Letting My Inner Teen Out to Play

My two nieces (12 and 13) came to visit from Texas a few weeks ago, and it didn't take long for my husband to discover he was actually sharing the house with three teenaged girls. Yep, scratch my responsible, middle-aged veneer and you'll find a giggly, squee-ly teen.

We went to see Brave, went horseback riding, and to the Folsom City Zoo Sanctuary. All things I can (and do) without them, but so much more fun with someone who is as enthusiastic about those kinds of things as I am. We were even going to chalk our hair one evening since their mom won't let them dye it (note: I was 14 the first time I dyed mine) but it seemed like they needed some downtime with their Kindles too.

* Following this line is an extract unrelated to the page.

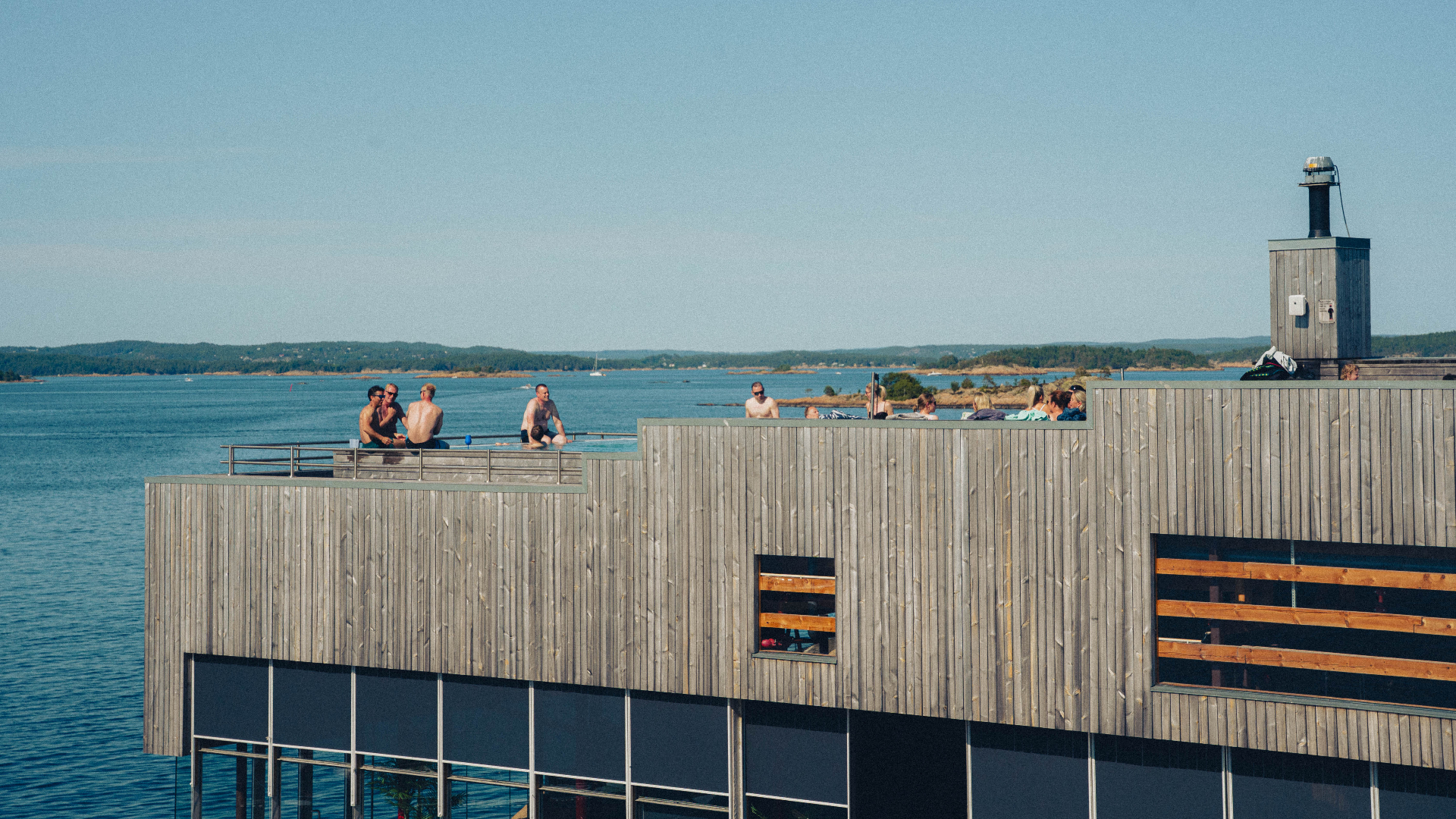 Pool Club ved sjøen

That brings us to what we talked about most of all--books! They each have a Kindle Fire, but apparently their dad has a rule that they can only get free books for it. And there are a lot of free books that are great, but unfortunately also a lot of substandard self pubs out there too. (notice I'm not knocking all self-pubbed books--just those titles that make the entire industry look bad)

So we bemoaned all the books I've purchased that don't have lending enabled. I have over 100 items on my Kindle, and I was only able to find 7 YA titles that had lending enabled. I know it's up to each individual publisher to decide that, but wow--that's a very small percentage.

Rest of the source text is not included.